* **DATASET CONTENT**
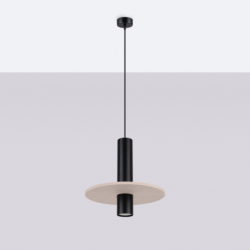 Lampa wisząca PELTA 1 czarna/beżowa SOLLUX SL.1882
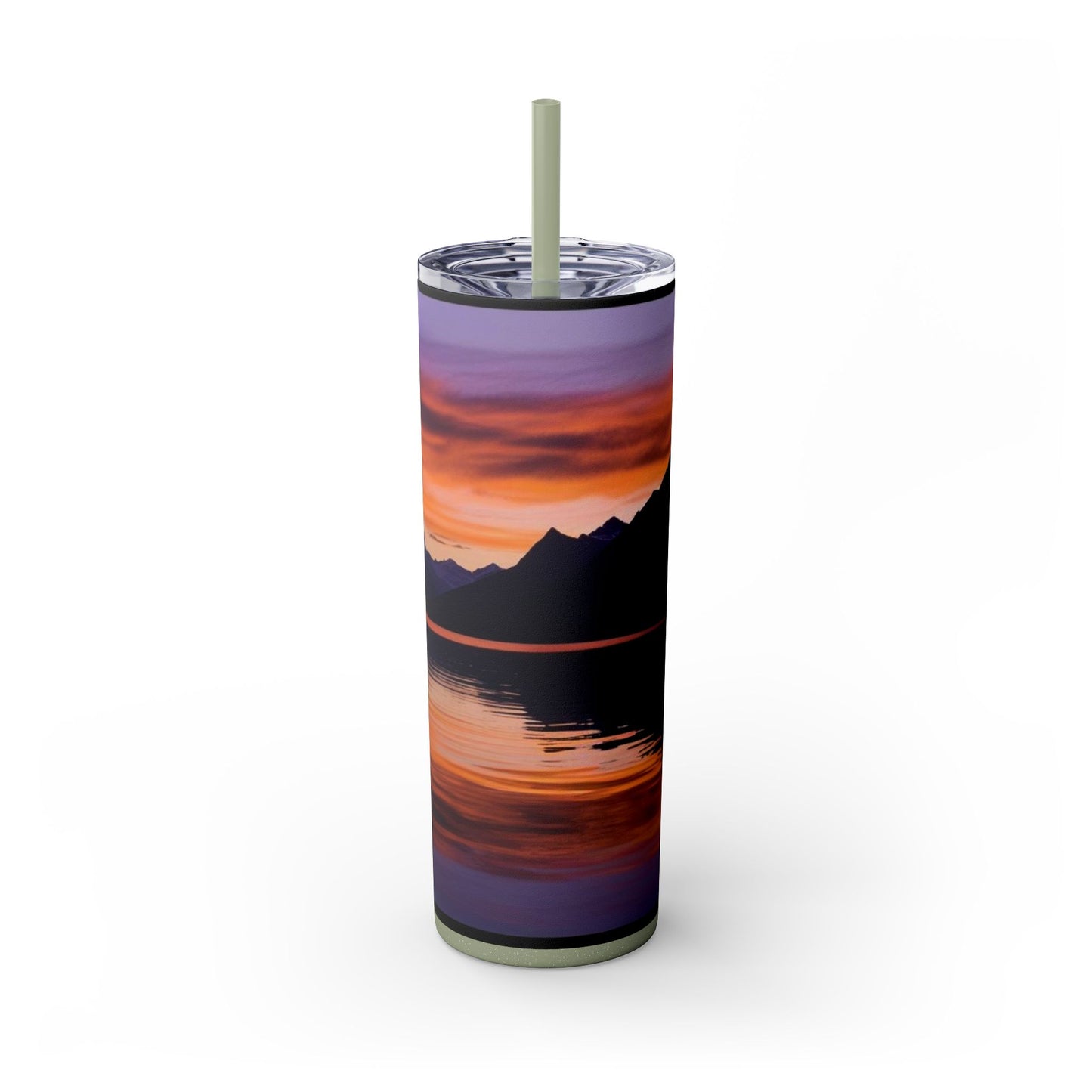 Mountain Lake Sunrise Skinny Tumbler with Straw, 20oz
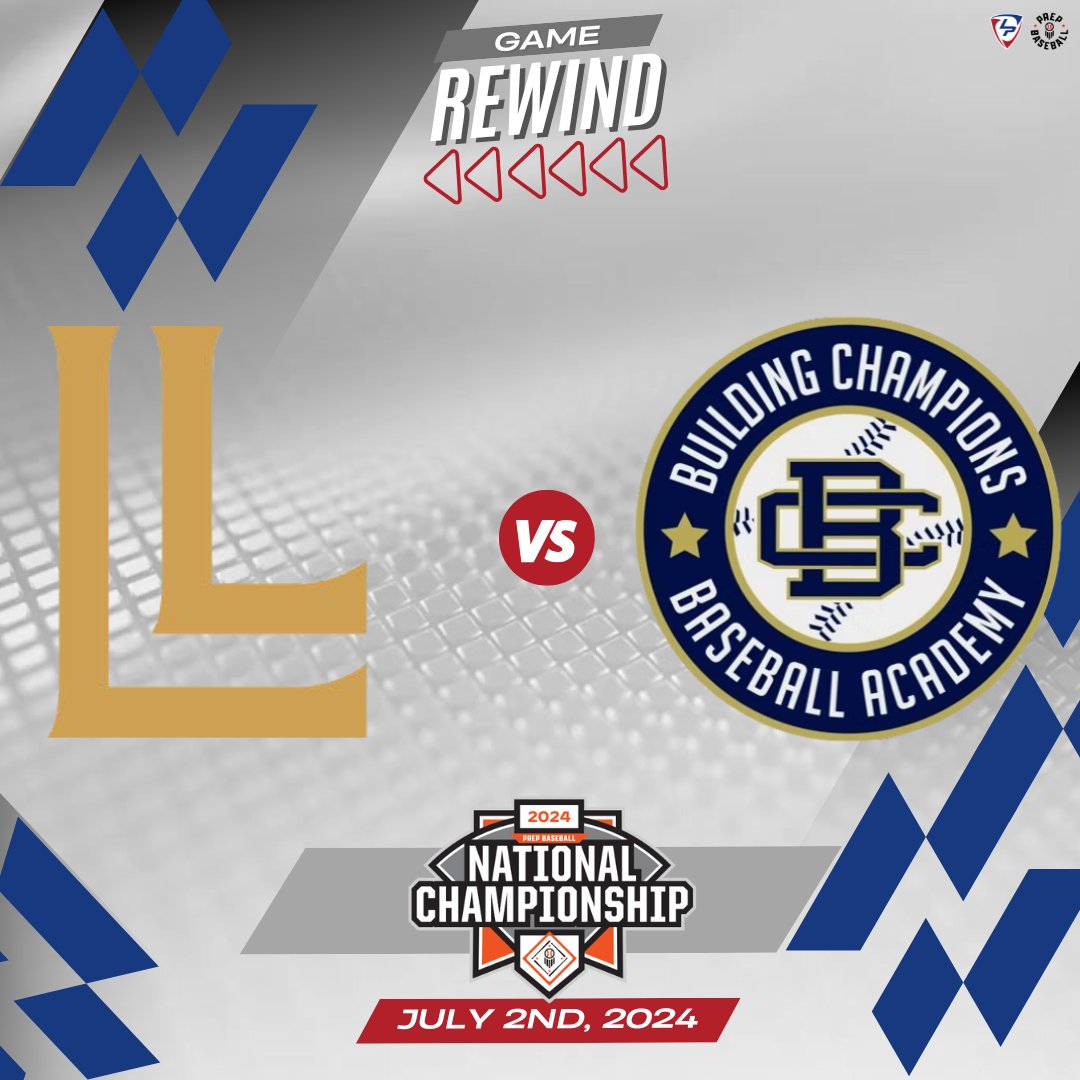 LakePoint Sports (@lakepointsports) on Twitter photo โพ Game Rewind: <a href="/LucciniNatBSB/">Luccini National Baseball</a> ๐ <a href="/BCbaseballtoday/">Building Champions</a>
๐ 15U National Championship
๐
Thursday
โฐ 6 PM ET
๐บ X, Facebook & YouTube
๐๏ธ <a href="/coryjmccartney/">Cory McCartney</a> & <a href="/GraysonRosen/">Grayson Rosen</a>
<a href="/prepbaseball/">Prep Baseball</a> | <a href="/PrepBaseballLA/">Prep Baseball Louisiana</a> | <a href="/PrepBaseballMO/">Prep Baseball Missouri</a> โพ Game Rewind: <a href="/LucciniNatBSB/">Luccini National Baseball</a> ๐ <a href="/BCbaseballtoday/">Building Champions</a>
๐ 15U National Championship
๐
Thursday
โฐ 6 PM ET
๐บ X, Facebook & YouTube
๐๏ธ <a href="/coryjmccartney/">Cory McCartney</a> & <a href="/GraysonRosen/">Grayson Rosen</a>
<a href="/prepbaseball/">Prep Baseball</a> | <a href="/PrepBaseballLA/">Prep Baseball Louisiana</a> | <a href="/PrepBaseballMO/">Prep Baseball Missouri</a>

==

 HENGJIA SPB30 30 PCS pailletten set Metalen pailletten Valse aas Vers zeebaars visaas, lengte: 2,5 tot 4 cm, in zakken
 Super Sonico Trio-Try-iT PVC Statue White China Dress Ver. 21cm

==

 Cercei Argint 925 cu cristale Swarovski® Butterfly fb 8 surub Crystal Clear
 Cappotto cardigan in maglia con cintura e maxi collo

* **EXERCISE**
Find and count the lines of the data that include the string "Louisiana", and report that figure by itself.

* **EXERCISE OUTPUT**
2